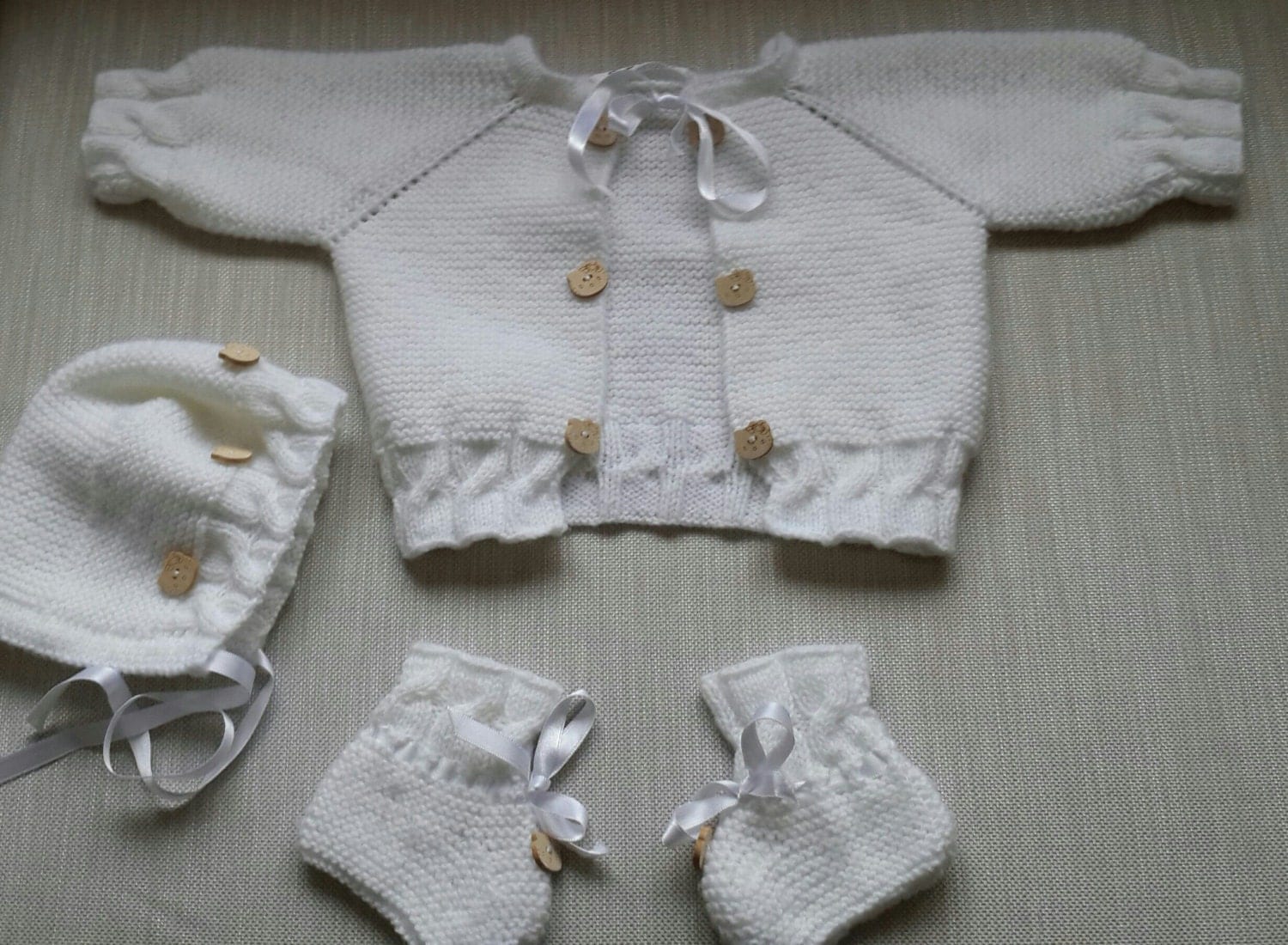 knitting baby set/cardigan/hat/booties /baby by NORTHsKNITTINGs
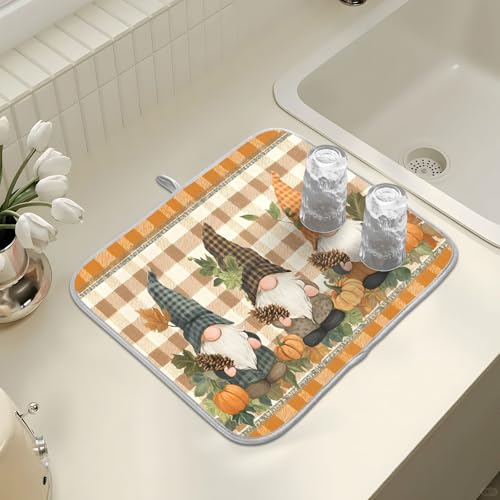 Fall Pumpkin Gnomes Maple Leaves Autumn2 Dish Drying Mat for Kitchen Counter Absorbent Microfiber Small Drying Pad Dish Mats for Kitchen Countertops 16 x 18 Inch (18" x 16")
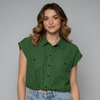 Women's Short Sleeve Button-Up Blouse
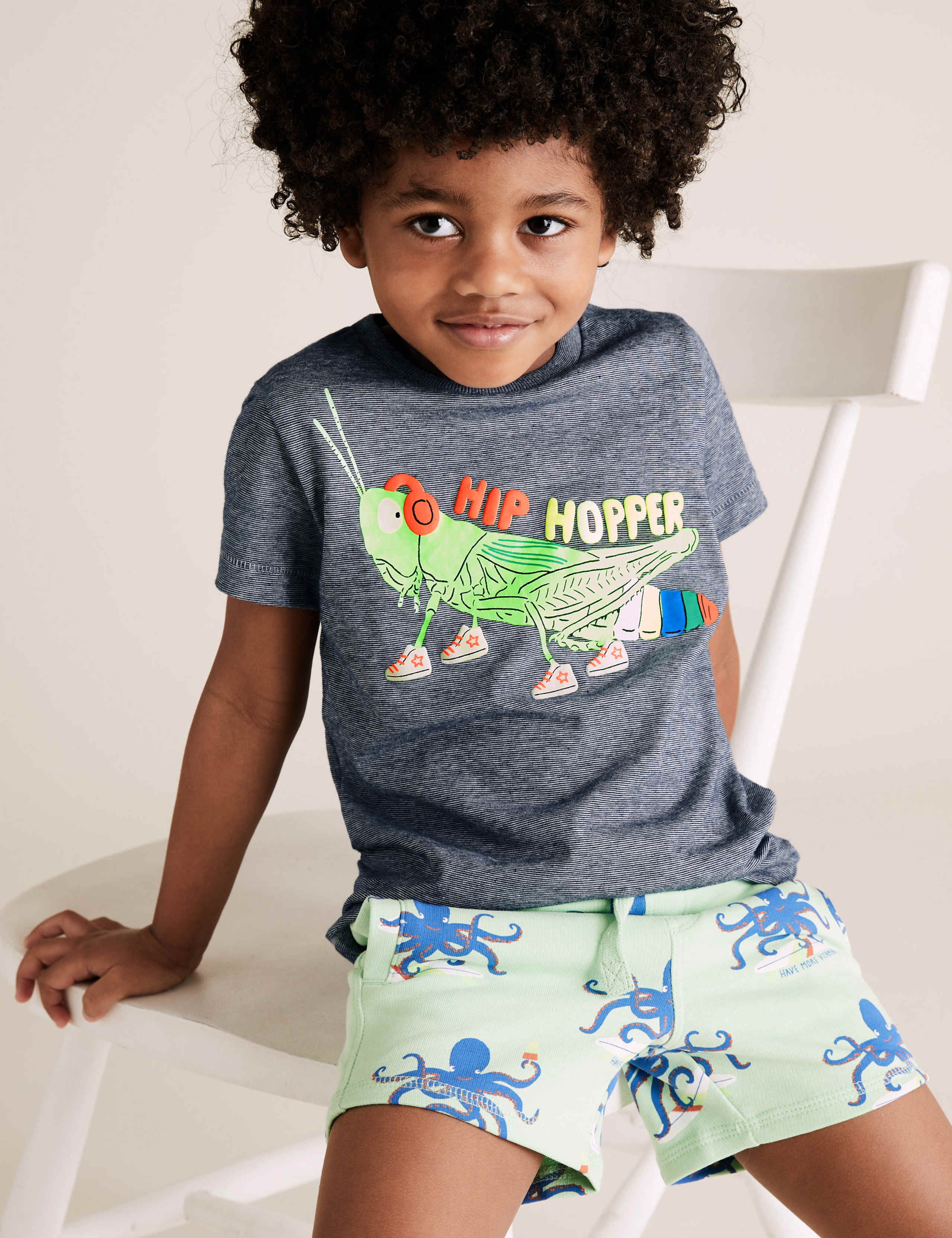 Organic Cotton Grasshopper Striped T-Shirt (2-7 Yrs) 1 of 5
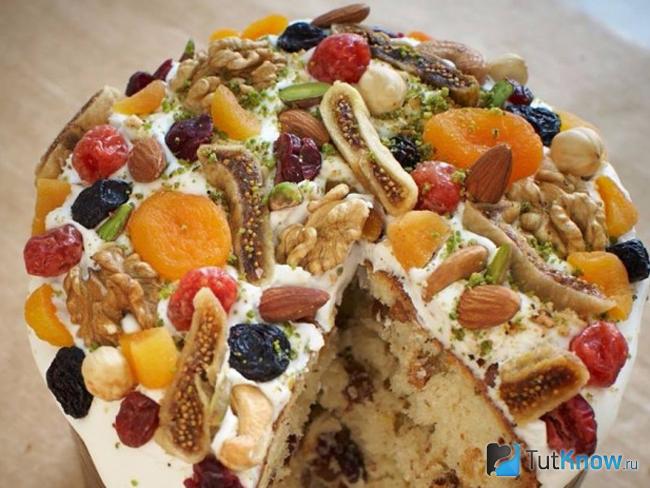 Кулич с цукатами и лаймом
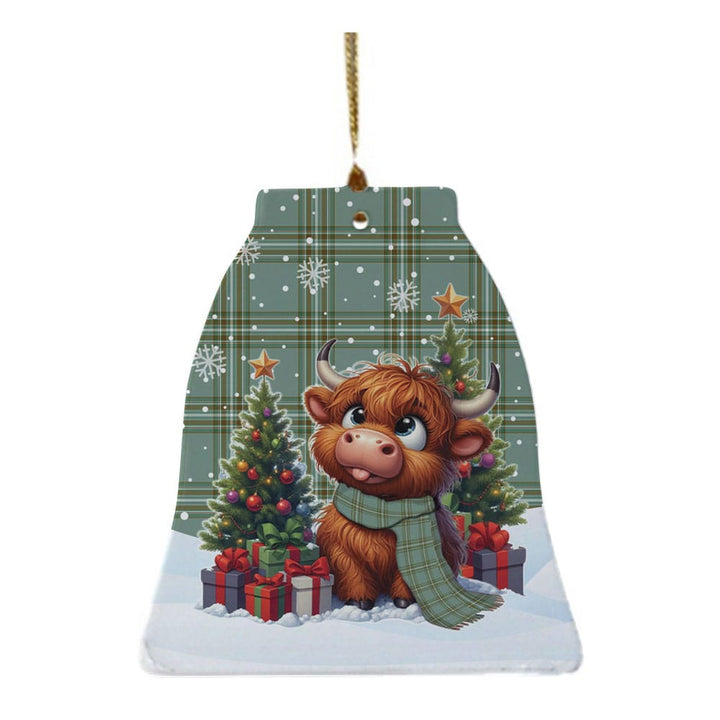 Scottish Kelly Dress Clan Tartan Ceramic Ornament Cute Highland Cow Christmas Bell Style Tartan Plaid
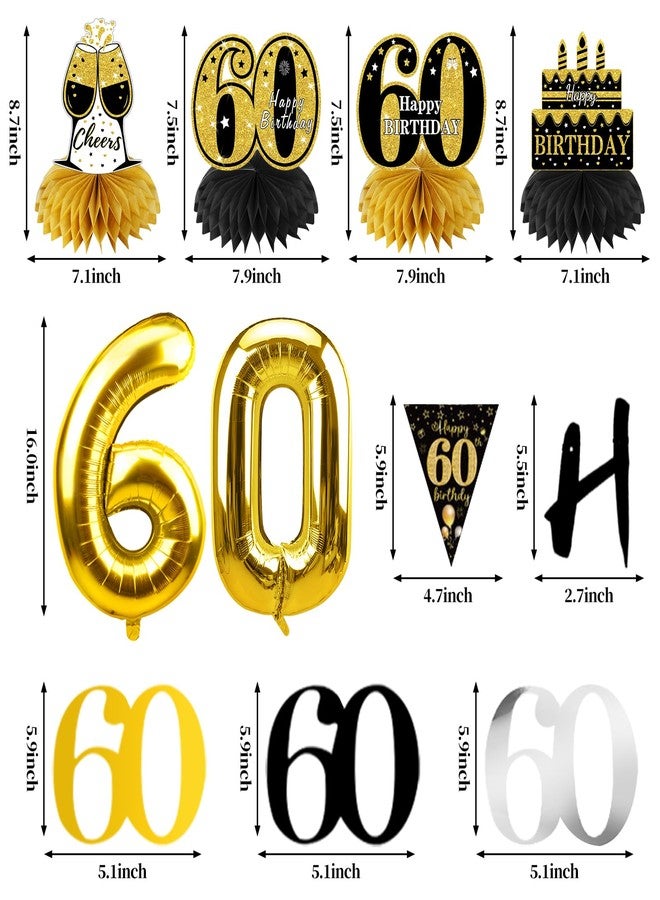 Guiruiy 13PCS 60th Birthday Decorations for Men Women, Black Gold Happy 60 Birthday Banner Centerpieces Swirls Balloons Kit Party Supplies, Sixty Years Old Bday Ceiling Table Topper Decor - Image 2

+++

▶ Task goal
Keeping pictures out, repeat exactly the lines from the one containing "Fall Pumpkin Gnomes" through the end of the listing.

▶ Exercise answer
 Fall Pumpkin Gnomes Maple Leaves Autumn2 Dish Drying Mat for Kitchen Counter Absorbent Microfiber Small Drying Pad Dish Mats for Kitchen Countertops 16 x 18 Inch (18" x 16")
 Women's Short Sleeve Button-Up Blouse
 Organic Cotton Grasshopper Striped T-Shirt (2-7 Yrs) 1 of 5
 Кулич с цукатами и лаймом
 Scottish Kelly Dress Clan Tartan Ceramic Ornament Cute Highland Cow Christmas Bell Style Tartan Plaid
 Guiruiy 13PCS 60th Birthday Decorations for Men Women, Black Gold Happy 60 Birthday Banner Centerpieces Swirls Balloons Kit Party Supplies, Sixty Years Old Bday Ceiling Table Topper Decor - Image 2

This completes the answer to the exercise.